Gluten Free Eggnog Crumb Cake
The aromas of cinnamon and nutmeg will have the family running to the kitchen for a holiday breakfast.
Prep Time 20 minutes
Cook Time 40 minutes
Total Time 1 hour
For the crumb cake:
- 1¼ cup almond flour
- ¼ cup oat flour just place instant or old-fashioned oats in a food processor and pulse until it forms a flour
- 3 Tbsp coconut flour
- ⅛ tsp salt
- 3/4 tsp cinnamon divided (1/2 tsp + 1/4 tsp)
- 1/2 teaspoon nutmeg
- ⅓ cup light brown sugar firmly packed
- 1/4 up canola oil or vegetable or avocado oil
- ½ cup chopped pecans
- ½ tsp baking soda
- ½ tsp baking powder
- 2 large eggs
- 1 tsp vanilla extract
- ½ cup Silk Almond Nog Original
For the nog drizzle:
- ½ cup powdered sugar
- 1 Tablespoon Silk Almond Nog Original
For the crumb cake:
Grease an 8"x8" baking pan or line with parchment paper.
Preheat oven to 325°F.
In the bowl of a food processor, pulse together the almond flour, oat flour, coconut flour, salt, 1/2 teaspoon cinnamon, nutmeg, and brown sugar until combined.
Add the oil and pulse until well combined.
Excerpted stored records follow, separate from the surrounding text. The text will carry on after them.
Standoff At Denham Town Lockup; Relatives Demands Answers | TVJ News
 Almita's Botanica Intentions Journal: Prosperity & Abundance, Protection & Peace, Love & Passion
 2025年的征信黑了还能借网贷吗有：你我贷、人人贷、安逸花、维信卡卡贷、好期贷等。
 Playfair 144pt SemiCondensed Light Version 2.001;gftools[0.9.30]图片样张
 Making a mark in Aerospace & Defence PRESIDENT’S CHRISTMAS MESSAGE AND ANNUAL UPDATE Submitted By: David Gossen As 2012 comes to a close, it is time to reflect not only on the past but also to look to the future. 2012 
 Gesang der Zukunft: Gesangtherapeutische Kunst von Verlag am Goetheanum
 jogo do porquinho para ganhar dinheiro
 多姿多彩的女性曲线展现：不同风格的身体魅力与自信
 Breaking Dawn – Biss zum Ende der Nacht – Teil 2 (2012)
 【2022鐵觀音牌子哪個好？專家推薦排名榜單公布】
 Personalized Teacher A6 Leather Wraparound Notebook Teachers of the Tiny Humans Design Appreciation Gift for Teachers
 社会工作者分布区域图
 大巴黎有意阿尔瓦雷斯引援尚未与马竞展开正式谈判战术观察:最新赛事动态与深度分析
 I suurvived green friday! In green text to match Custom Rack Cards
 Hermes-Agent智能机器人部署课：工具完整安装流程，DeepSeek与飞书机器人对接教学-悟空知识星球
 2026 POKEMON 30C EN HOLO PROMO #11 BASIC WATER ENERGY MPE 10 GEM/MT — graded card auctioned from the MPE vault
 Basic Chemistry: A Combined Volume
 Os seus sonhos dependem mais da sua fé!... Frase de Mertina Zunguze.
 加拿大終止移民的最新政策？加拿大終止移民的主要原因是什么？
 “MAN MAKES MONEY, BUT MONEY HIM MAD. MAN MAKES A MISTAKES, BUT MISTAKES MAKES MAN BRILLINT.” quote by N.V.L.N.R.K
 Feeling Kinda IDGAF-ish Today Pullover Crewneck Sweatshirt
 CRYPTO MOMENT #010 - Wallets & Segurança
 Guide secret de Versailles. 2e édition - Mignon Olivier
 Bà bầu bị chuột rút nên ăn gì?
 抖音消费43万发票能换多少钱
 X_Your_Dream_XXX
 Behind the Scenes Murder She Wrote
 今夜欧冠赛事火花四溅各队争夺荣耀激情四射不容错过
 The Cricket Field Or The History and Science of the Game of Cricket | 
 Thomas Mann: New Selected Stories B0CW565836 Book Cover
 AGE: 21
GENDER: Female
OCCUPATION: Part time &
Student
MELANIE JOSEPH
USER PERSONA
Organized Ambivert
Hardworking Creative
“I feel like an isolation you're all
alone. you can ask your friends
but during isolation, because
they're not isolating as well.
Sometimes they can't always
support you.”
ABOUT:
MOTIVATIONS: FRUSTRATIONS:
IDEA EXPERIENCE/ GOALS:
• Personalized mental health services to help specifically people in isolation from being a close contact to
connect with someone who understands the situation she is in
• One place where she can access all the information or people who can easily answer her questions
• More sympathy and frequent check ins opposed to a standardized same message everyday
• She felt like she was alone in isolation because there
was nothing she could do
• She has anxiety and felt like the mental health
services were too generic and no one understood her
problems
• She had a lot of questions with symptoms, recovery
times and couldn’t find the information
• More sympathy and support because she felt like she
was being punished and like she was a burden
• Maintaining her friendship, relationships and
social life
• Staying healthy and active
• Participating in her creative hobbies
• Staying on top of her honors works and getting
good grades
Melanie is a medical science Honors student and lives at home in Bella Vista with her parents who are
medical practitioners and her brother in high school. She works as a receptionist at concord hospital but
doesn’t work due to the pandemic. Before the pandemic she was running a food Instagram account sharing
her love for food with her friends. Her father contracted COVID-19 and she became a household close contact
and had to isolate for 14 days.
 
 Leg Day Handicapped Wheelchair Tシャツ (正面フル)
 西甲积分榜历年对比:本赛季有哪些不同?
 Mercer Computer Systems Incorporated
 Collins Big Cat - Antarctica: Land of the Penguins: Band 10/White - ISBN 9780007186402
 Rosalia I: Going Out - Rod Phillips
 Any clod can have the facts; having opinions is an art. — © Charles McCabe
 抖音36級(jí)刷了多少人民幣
Transfer this mixture to a large bowl and set aside.
For the topping, return ½ c of the flour mixture to the food processor.
Add the pecans and additional 1/4 teaspoon cinnamon, and pulse a couple of times to combine and form loose crumbs.
To the reserved dry mixture, stir in the the baking soda and baking powder.
Add the eggs, vanilla and Silk Almond Nog Original and stir until smooth.
Pour batter into the prepared pan. Sprinkle the pecan crumb mixture evenly over the top of the batter.
Bake for 35-40 minutes. A toothpick inserted in the middle should come out clean, and it will not jiggle in the middle.
Cool the cake completely, and drizzle with the nog drizzle.
Store the cake, covered, in the refrigerator for up to 4 days.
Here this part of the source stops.